Transformers are functions that transform JSON values into JSON values. They can be used in combination with aggregators and extractors to create expressive extraction rules for your crawl, avoiding much of the tedious post-processing. You can read more on transformers and how they fit into the bigger picture here. This is only a reference list.

Note: unless explicitly specified, all transformers return null on a null input.

General purpose transformers

  • is-null: tests if the input value is null, returning true if it is.
  • is-not-null: tests if the input value is null, returning false if it is.
  • hash: transforms a given string into a “characteristic number” representative of the whole string, but small (8 bytes long). This is not a cryptographic hash, but then again, this is not our use case, is it? The exact algorithm used is SipHash24.
  • not: negates a Boolean value. This transformer also returns null on a null input.

Numeric transformers

  • as-number: transforms a string into a number, if possible. If not, returns null.
  • greater-than 3.14: tests if the input is greater than the supplied number.
  • lesser-than 3.14: tests if the input is leser than the supplied number.
  • equals 3.14: tests if the input is greater than the supplied number.

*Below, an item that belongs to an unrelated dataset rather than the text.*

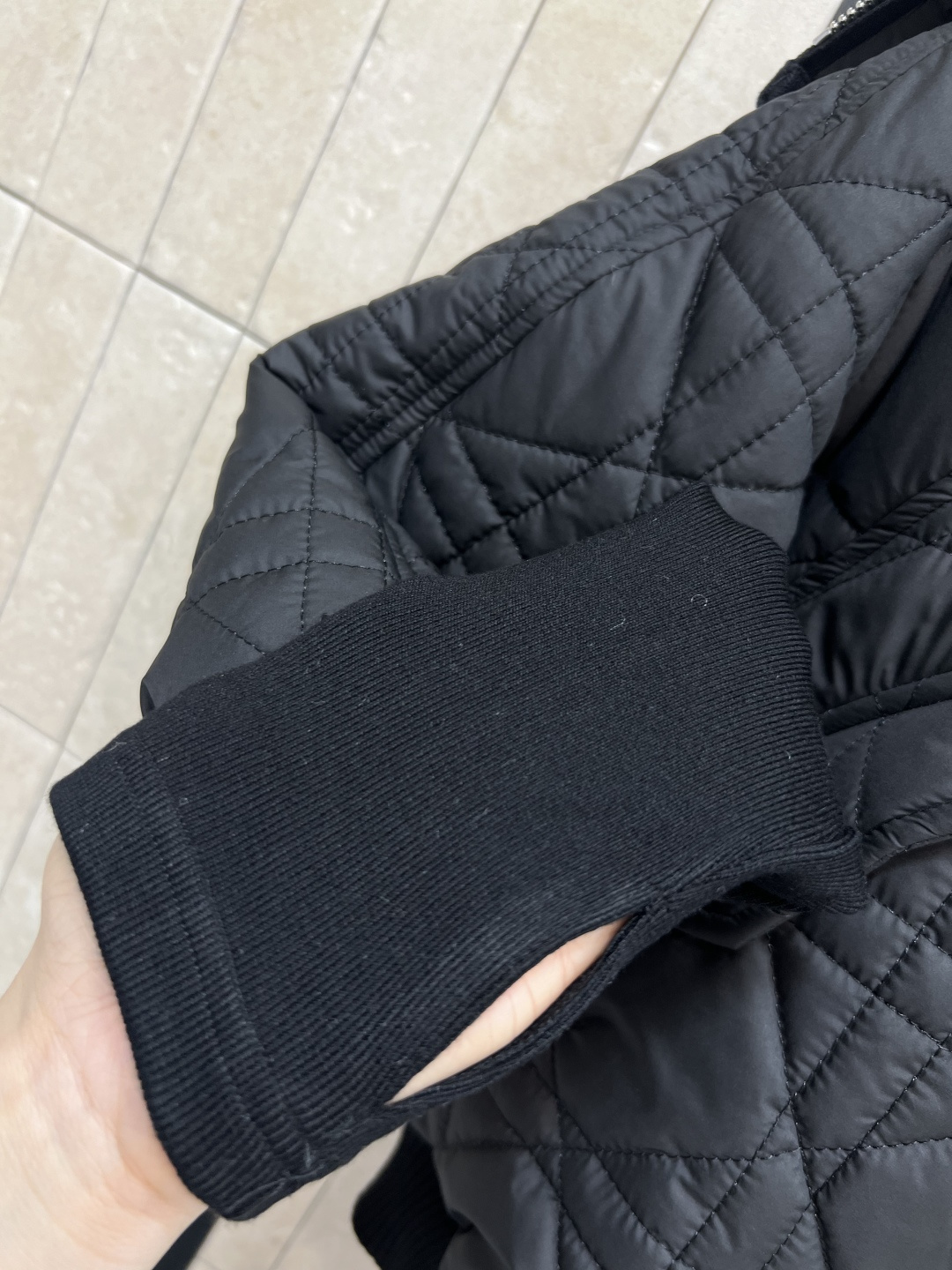 D家 25早秋新款 藤格纹摇粒绒夹克 摇粒绒披肩领拉链短款版型 衣袖拼接松紧长袖+下摆松紧收腰 吸睛亮眼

Transformers over collections

  • length: returns the size of the collection.
    • for strings: returns the number of bytes occupied by the strings. This might be quite different from the number of graphemes you see on the screen.
    • for arrays: returns the number of elements in the array.
    • for maps: returns the number of key-value pairs in the map.
  • is-empty: tests if the collection (either string, array or map) is empty.
  • get "a key": gets the corresponding value of the supplied key in a map. It returns null if the key is not present.
  • get 12: gets the element in the specified position in an array. It returns null if the index is out of bounds. The first position is zero.
  • flatten: flattens an array of array (a 2d array) into a single array (a 1d array) containing all the elements from all given arrays.
  • each(other-transformer): maps a given transformer over each element of an array. For example, classes each(length) returns an array with the length of each CSS class in each element. On a map, this operates over the values of each pair.
  • filter(other-transformer): tests if the supplied transformer returns true or false (or null) for each element in an array and retains only those which tested true. For example, classes filter(length less-than 5) returns an array containing only the CSS classes with less than 5 characters. On a map, this operates over the values of each pair.

String manipulation

  • pretty: this is a best effort to remove whitespace from text. It will remove extra spaces and tabs between words as well as extra line breaks between paragraphs. In addition, it will append a trailing line break to the final paragraph (if there is one), since this is “best practice”. One more thing, Windows users: all carriage returns will be stripped out of the text.

Regular expressions

  • capture "[a-z]+": returns one match of the regular expression to input text, or null if the regular expression does not match the text at all. A match is a map mapping the identification of the capture groups to the captured parts. The key “0” indicates the match of the while regular expression. For example, suppose the regular expression is "http(s)?://(?P<domain>[^/]+)/" and the input text is "http://example.org/", then the output will be the map {"0": "http://example.org", "domain": "example.org"}
  • all-captures "[a-z]+": returns all matches (occurrences) of the regular expression to the input text. As such, this transformer returns an array of maps, with each map representing a match. In the case where no match is found, an empty list (not null) is returned.
  • matches "[a-z]+": returns true if the input matches the given regular expression or false if it doesn’t.
  • replace "([a-z])+" with "foo $1": matches all occurrence of the regular expression in the input and replaces it with the replacer string. You can replace the capture groups using $n syntax or even $name where name is the name of a named capture group. For example, replace "(foo|bar)-baz" with "duck-$1" applied to "foo-baz quack bar-baz" returns "duck-foo quack duck-bar"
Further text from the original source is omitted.